Bolsonaro, que junto com seus Ministros, vêm desde o início da pandemia garantindo que sejam trabalhadores e a população pobre, deu também mais uma vez uma declaração que sustenta sua visão negacionista frente a pandemia que já matou mais de 55 mil pessoas no Brasil. Em cobrança aos governadores pela reabertura do comércio, ele disse que há um “excesso de preocupação”.

Bolsonaro chegar a ser absurdamente cínico, dizendo que “os hospitais têm sobra de leitos”, afirmação que simplesmente vira o rosto para as notícias de colapso em diversos estados, como no Rio de Janeiro, que teve uma alta de 90% nos casos de mortes em casa, fruto da falta de leitos para a população.

Mesmo com o cinismo e demagogia, Bolsonaro segue despejando o custo dessa crise nas costas da classe trabalhadora, com suas MPs que geraram milhões de reduções salariais, suspensões de contratos, e também com as demissões bastante estimuladas por empresários da base bolsonarista.
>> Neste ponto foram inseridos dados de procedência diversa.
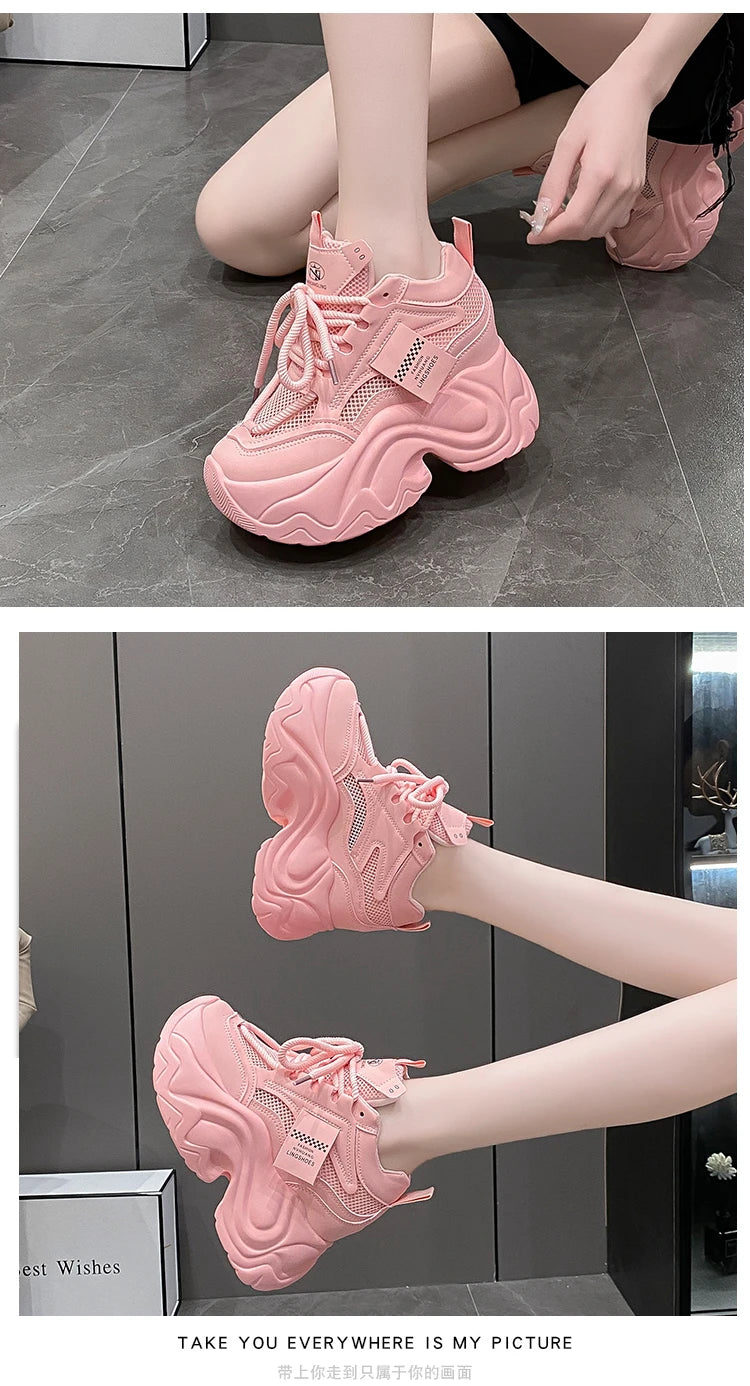 Women High Platform Sneakers New Summer 9.5CM Wedge Heels Thick Sole Leather Shoes Autumn Breathable Mesh Chunky Sneakers Woman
Sua sede pela reabertura é totalmente consciente das vidas que serão deixadas à própria sorte com a falta de condições mínimas, como testes para a população, e a garantia de leitos de UTI para suprir a demanda, e os que pagam por isso são os trabalhadores, os negros e a população pobre.

Os governadores, que se dizem oposição à Bolsonaro, no entanto, também não tem uma política que responda à crise sanitária que vivemos. Sem testes, leitos, e garantia para aqueles e aquelas que seguem trabalhando, veem os casos crescerem, e mesmo assim avançam com reaberturas, às custas da vida de trabalhadores.

Para realmente conseguirmos avançar com medidas que ataquem a crise sanitária será necessário se enfrentar com Bolsonaro e com os militares que o sustentam em seu governo. Mas sem qualquer tipo de confiança nos opositores de Bolsonaro que também deixam de lado respostas para a pandemia que não sejam para atender os lucros, como os Governadores, o Congresso e o STF.